En esa vena, Freddy Zarate le dedica unas páginas a Fernando Diez de Medina, cultor temprano del indigenismo político en el grupo Pachakuti, y forjador de leyendas o, citándolo como hace Zárate, de una mitificación anida “al modo fantástico”. Leyendo el ensayo de Freddy es luego menos explicable el taller clásico, racionalista y benevolente desde el cual Diez de Medina debatió con otro nietzscheano, Augusto Céspedes, cuando éste defendía el culto de una historia sesgada y partisana, esa que el mismo Chueco Céspedes y algunos otros terminaron levantando como edificio intelectual de la Revolución Nacional y sus mitos.
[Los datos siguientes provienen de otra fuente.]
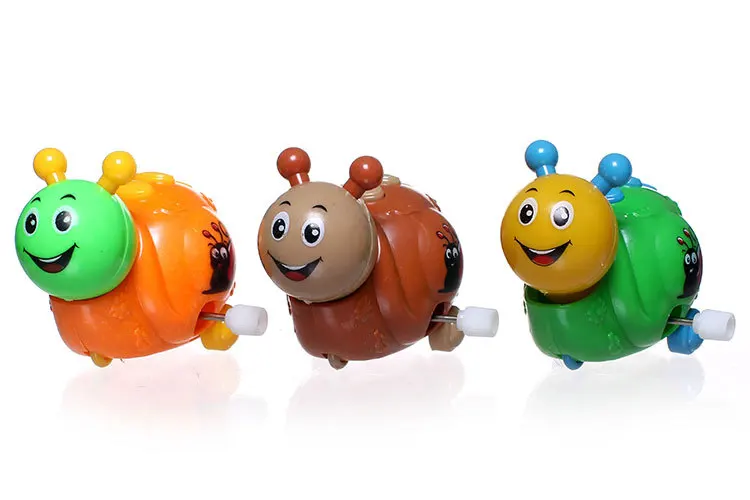 Милая улыбка ветер-вверх весна насекомое Улитка Заводной ребенок игрушка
Intuyo que Freddy Zárate tiene igualmente su santoral laico, como todos nosotros, en el cual cumple un papel destacado el desaparecido Salvador Romero Pittari y tal vez el muy vital aún H. C. F. Mansilla. En todo caso, la memoria del primero se lleva la dedicatoria del libro, como testimonio de una estirpe intelectual en la que el autor acaso se ve inscrito. Salvador Romero fue miembro de las juventudes socialdemócratas de inspiración cristiana, alumno en Lovaina, cultor de los libros sociológicos franceses, primero desconocidos y oscuros (como Foucault) y luego ultrapublicitados (aunque igual de comprensión oscura, para mi gusto). Romero fue también un exquisito columnista, de cuya labor viene faltando un compendio. Como somos romeros de distintos huertos, me animo a mencionarlo sin que se tome como observancia de algún deber familiar.
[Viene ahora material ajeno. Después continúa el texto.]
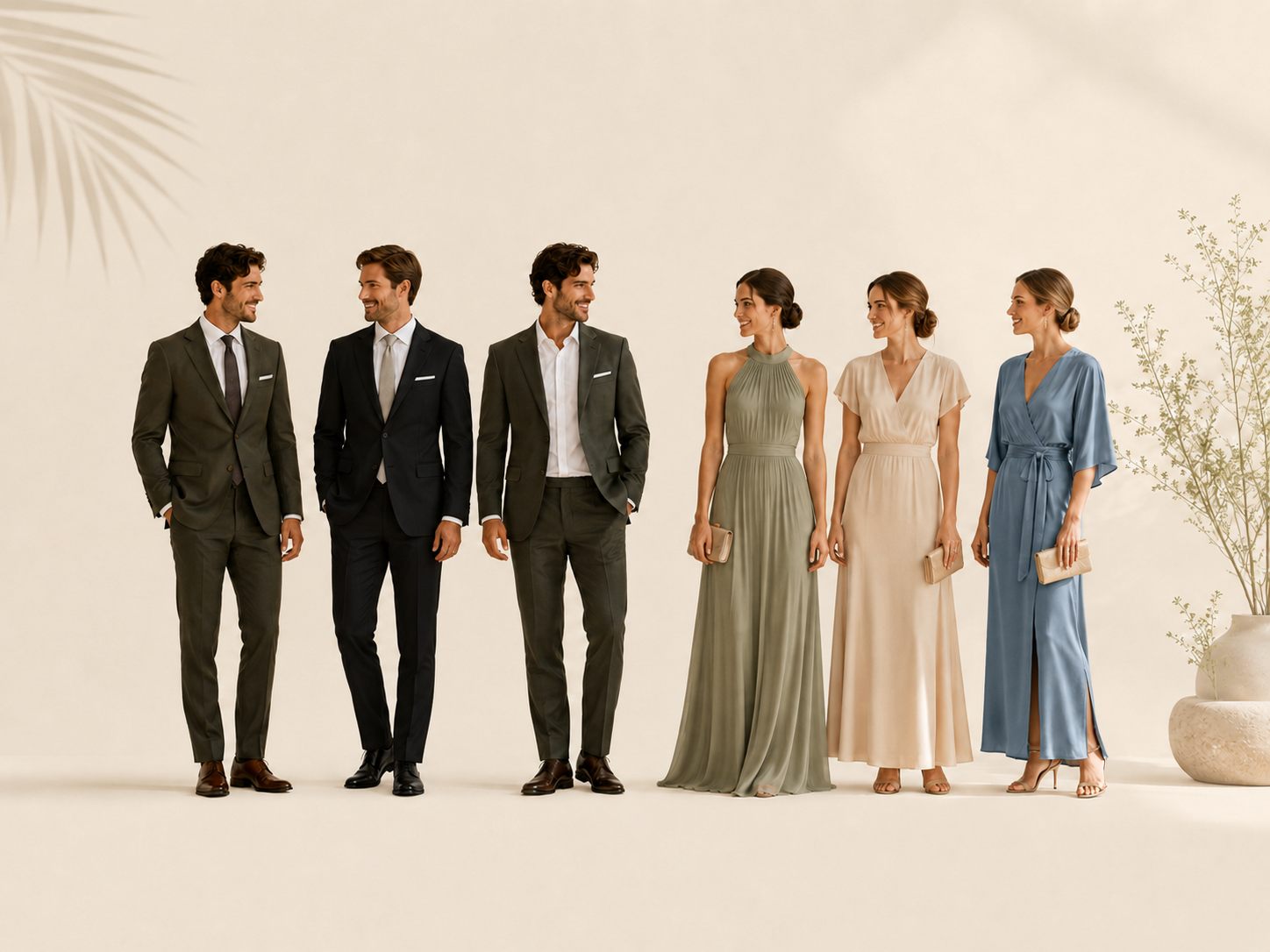 Inspiração de traje para o casamento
Que Salvador Romero sea uno de los héroes de este libro junto a Placido Molina, por ejemplo, enseña también otra de las claves de este conjunto de ensayos: la inicua importancia en Bolivia del éxito político para, a partir de él, leer a nuestros intelectuales o simplemente condenarlos al baúl. Quién sabe eso torna a Freddy en algo así como un espiritista, poseído del espíritu de quienes antes, como los que vivimos hoy, sintieron hondamente los dilemas de la patria, incluso entre sus yerros y pocos aciertos.
Este libro tiene pues un sabor a contracorriente y a contracultura; se enzarza con mitos intocados de la Bolivia contemporánea. Parafraseando a Nietzsche, quizá se pueda alegar también que, por eso mismo, Freddy es hijo de su época, a la que, decía el pensador alemán, filosofando con su martillo, se pertenece incluso en la porfía de negarla.
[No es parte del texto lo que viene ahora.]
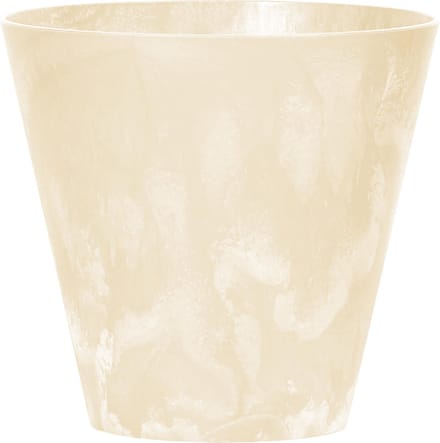 Bloempot Tubus - 40 cm - Crème beige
En cualquier caso, los lectores agradecerán que este libro no exhale conformismo ni sumisión a las coronaciones y procesiones de nuestro tiempo y más bien las someta a examen, incluso allí cuando el alma y el partido asalten a su autor, aunque eso ocurra en medio de los dones de buena ley, razón y sutileza del autor.
Concluyo allí donde empecé. Conocí a Freddy primero por escrito; nuestra amistad quedó sellada después. Confío en que los lectores transiten un camino semejante a partir de estos ensayos, capaces además de concedernos la amistad del autor y, a través suyo, de varios a quienes por mucho tiempo mantuvimos encerrados injustamente en un baúl.